Pondasi & Bangunan Menguasai Bahu Jalan Provinsi Sengkerang: Publik Bertanya, Siapa yang Membiarkan? — Masyarakat Desak Dibongkar Paksa

LOMBOK TENGAH, 29 Agustus 2026 — Jalan provinsi yang melintasi Dusun Sengkerang, Dusun sengkerang 4 Kebon Datu, Kecamatan Praya Timur kini berubah menjadi pemandangan yang memancing amarah dan tanda tanya besar. Di sepanjang bahu jalan yang seharusnya bebas dari bangunan, kini berdiri pondasi yang sudah dipasang kokoh, bahkan toko dan kios mulai tumbuh menempati ruang publik itu.


Para pengguna jalan yang melintas tak bisa lagi diam. Setiap hari warga, pengendara, dan pengemudi kendaraan umum yang lewat terpaksa melambat dan mengubah arah karena badan jalan makin menyempit. Pemandangan ini memicu satu pertanyaan yang terus bergema: Apakah ini tindakan oknum yang serakah merampas fasilitas umum — atau justru ada pembiaran dari pihak yang berwenang?

“Siapa yang memberi izin? Jalan provinsi ini milik semua orang, bukan milik pribadi. Kok bisa pondasi dan bangunan berdiri di bahu jalan seolah itu tanah sendiri?” — ungkap seorang pengendara yang melintas, penuh kekesalan.

Pendirian bangunan di badan jalan provinsi bukan sekadar pelanggaran tata ruang — ini adalah ancaman nyata terhadap keselamatan. Bahu jalan yang tertutup membuat ruang evakuasi dan pengereman menyempit, berisiko tinggi menimbulkan kecelakaan, terutama bagi pengendara roda dua dan kendaraan besar.
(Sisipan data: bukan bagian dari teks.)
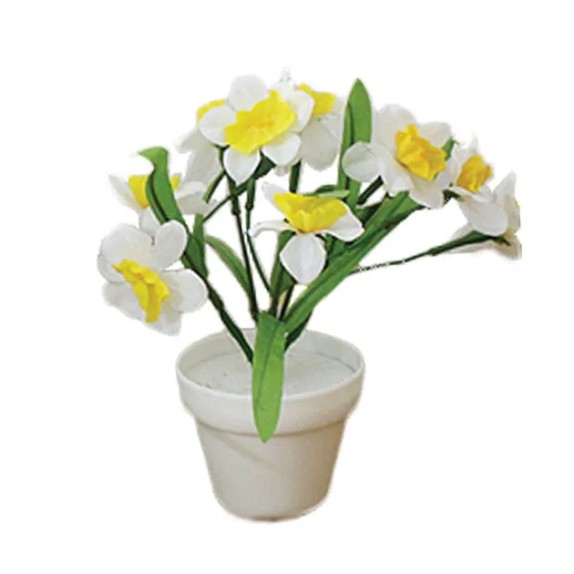 ΑΝΘΟΣΥΝΘΕΣΗ ΚΙΤΡΙΝΟ/ΛΕΥΚΟ ΝΑΡΚΙΣΣΟΣ ΣΕ ΠΛΑΣΤΙΚΗ ΓΛΑΣΤΡΑ FL-7 - Υ19cm – Δημιουργεί αίσθηση πολυτέλειας χωρίς κόπο | iroots.gr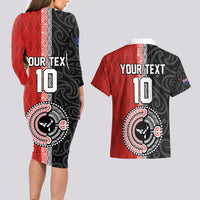 Custom Tonga and New Zealand Rugby Couples Matching Long Sleeve Bodycon Dress and Hawaiian Shirt Maori Mix Ngatu Pattern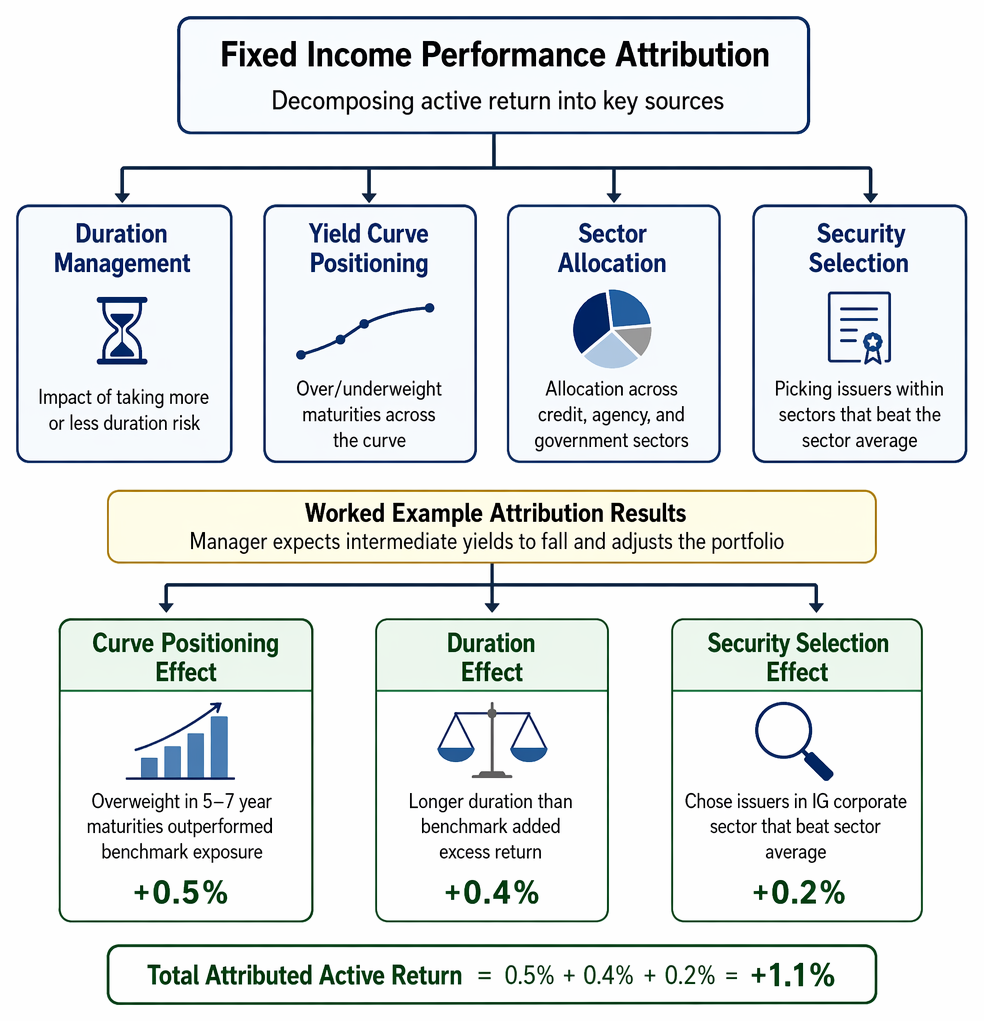 Fixed-income active return decomposition into duration management, yield curve positioning, sector allocation, and security selection effects.
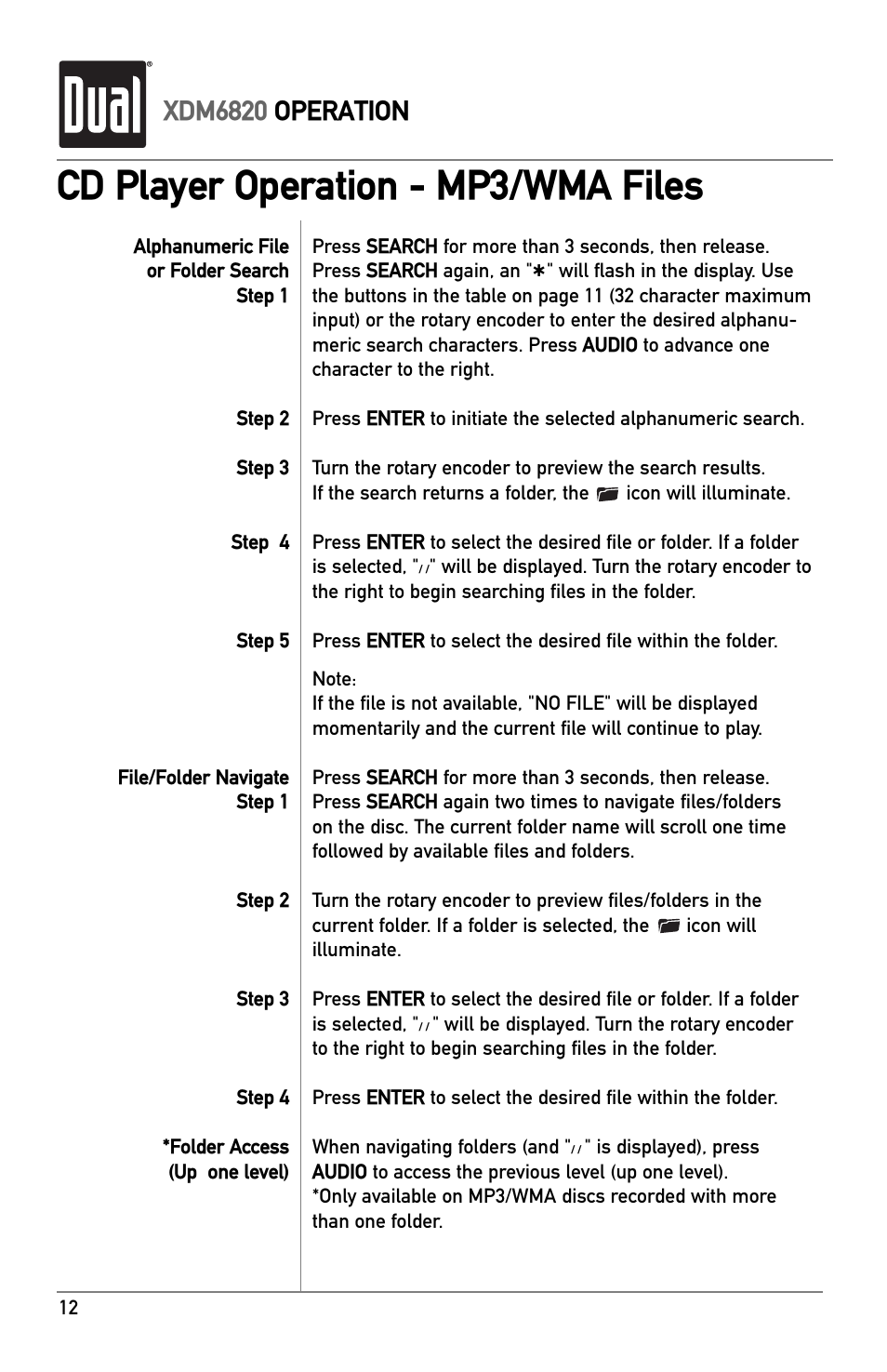 Cd player operation - mp3/wma files, Xdm6820 operation | Dual XDM6820 User Manual | Page 12 / 20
Laporan masyarakat terus mengalir. Warga menyayangkan jika pelanggaran ini dibiarkan berlarut-larut, karena bisa menjadi preseden buruk: siapa berani mengambil lebih banyak, dia yang berhak? Padahal, jalan provinsi adalah aset negara yang harus dijaga demi kepentingan seluruh masyarakat.

Secara bulat para pengguna jalan dan warga sekitar menuntut pihak berwenang untuk tidak menutup mata. Dinas PUPR, Dinas Perhubungan, dan Satpol PP Lombok Tengah diminta segera turun ke lokasi, memeriksa keabsahan pendirian bangunan tersebut, dan melakukan pembongkaran secara paksa jika tidak memiliki izin yang sah.

“Jangan biarkan fasilitas umum dimakan kepentingan pribadi. Bongkar sekarang, sebelum korban berjatuhan.” — tegas warga dalam seruan yang disampaikan kepada media.

Hingga berita ini diturunkan, belum ada tanggapan resmi dari instansi terkait. Masyarakat berharap penanganan dilakukan tanpa menunda, karena setiap hari yang berlalu tanpa tindakan adalah kemenangan bagi pelanggaran ruang publik.